向以鲜
光绪三年(1877),东西方世界都在悄无声息地发生着变化。在莫斯科,柴可夫期基创作于乌克兰的芭蕾名剧《天鹅湖》在皇家剧院首演;在遥远的美国,发明超人爱迪生制造出世界第一台留声机。在中国,左宗棠奏请于西北新疆设置行省,洋务运动领袖李鸿章在河北筹办开平矿务局。同时,中国历史上首位驻外使节湖南湘阴人郭嵩焘,从上海坐轮船远赴英国就任;接近岁末,会通中西的近代学人王国维诞生于浙江海宁,终生讲一口很难听懂的海宁话。这些看似毫不相关的东西方历史,以其各自的方式,暗暗地改变着人类的精神和生活,并同另一件发生于同年的事件相关联——德国地理学家李希霍芬在其《中国》一书中,首次提出“丝绸之路”概念。三十三年后,另一位德国历史学家阿尔巴特·赫尔曼在《中国和叙利亚之间的古代丝绸之路》一书中,进一步确认了“丝绸之路”的广阔内涵。
原始丝绸之路比张骞凿通西域的时间应该还早得多,欧亚大草原为东西文明的交汇提供了广袤的可能性。空间上的丝绸之路,不仅涉及欧亚大陆,亦远至东非和北非,甚至还达到了美洲大陆。这条迢遥的东西方交流之路上的大宗商品,除丝绸之外,还有为数众多的瓷器和茶叶。瓷器通过特殊的稻草或锯木灰包装之后,可以大大降低其破损率。尽管如此,但在早期的陆上丝路贸易中,瓷器的数量不会太大。
到了唐宋时期,海运的技术和能力不断提升,海上丝路的航程得到极大的拓展,大型海船已然杜绝了瓷器破碎的风险,因此外销瓷也达到了前所未有的鼎盛状态。陶瓷输出品种繁多,最受欢迎的当数中原一带生产的唐三彩、北方的邢窑白瓷、南方的越窑青瓷、长沙窑彩瓷和广东近海窑口所生产的橄榄釉青瓷。输出的国家及地区,涵盖了东北亚、东南亚、南亚、西亚等地。从打捞出水的部分沉没商船来看,一船所载瓷器动以万计。

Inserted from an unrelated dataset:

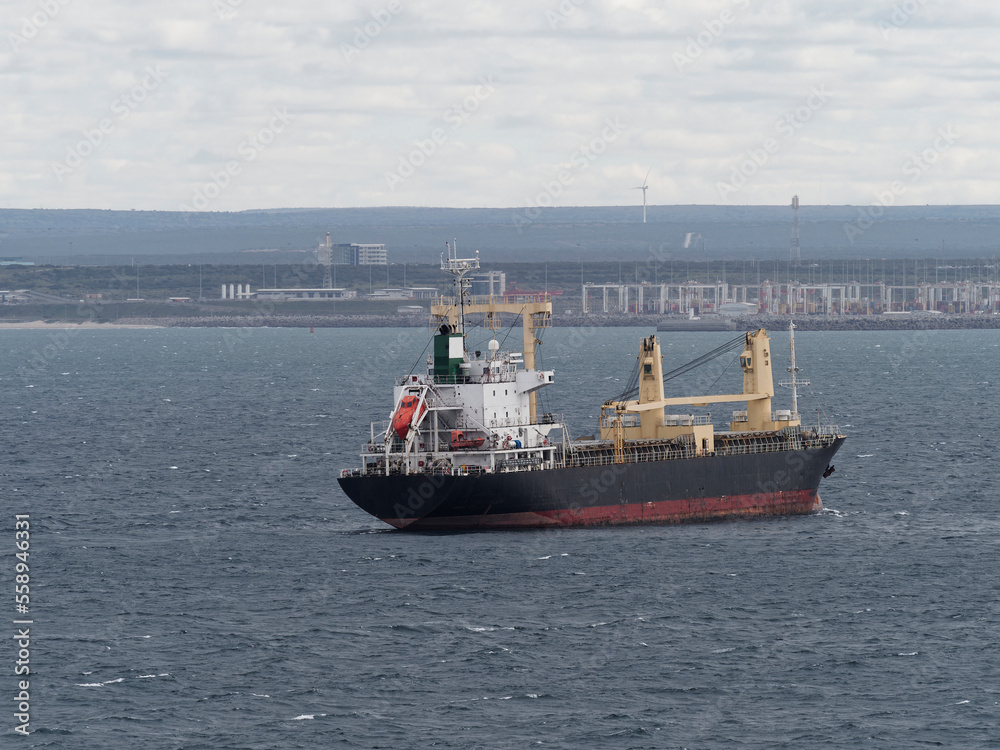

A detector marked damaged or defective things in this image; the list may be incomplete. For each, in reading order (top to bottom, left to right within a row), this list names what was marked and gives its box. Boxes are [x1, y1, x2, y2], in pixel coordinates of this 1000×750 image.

corroded metal hull [338, 438, 844, 532]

诗歌与瓷器,一个是语言的钻石,一个是手工艺的杰作。于是,瓷器常常成为诗歌传播的载体。在一件短颈长沙铜官窑的壶腹上面,匠人们褐彩手书一诗,说尽买卖人的复杂心思:“买人心惆怅,卖人心不安。题诗安瓶上,将与卖人看。”在另一件窑器上面,则写满了相思:“自从君别后,常守旧时心。洛阳来路远,还用几黄金。”二十世纪七十年代,河南鹤壁曾出土一件元代磁州窑白地黑花坛,其上,李白的《宫中行乐词》历历如新:“柳色黄金嫩,梨花白雪香。玉楼巢翡翠,金殿锁鸳鸯。”一件金代卧婴形瓷枕上,写有仿张继《枫桥夜泊》中的两句诗:“叶落猿啼霜满天,江边渔父对愁眠。”宋人爱用瓷枕纳凉,南宋诗人杨万里在《新暑追凉》诗中,即写到一种名为“猫枕”的瓷枕:“朝慵午倦谁相伴,猫枕桃笙苦竹床。”在现在的德州市博物馆中,还保存着一件白釉褐彩猫形瓷枕。
明人谢肇淛在《五杂俎》中记载了两句著名的瓷器诗:“(柴窑瓷)世传柴世宗(柴荣)时烧造,所司请其色,御批云:雨过天青云破处,这般颜色做将来。”诗是好诗,但要通过瓷器体现出来,烧造的难度也太大了点——用火焰与泥土的化学反应,将大雨过后苍穹如洗的那种难以言喻的青蓝色,表达在一件小小的瓷器之上。这可能也是人类历史上最富有浪漫色彩的一道君王诏令了。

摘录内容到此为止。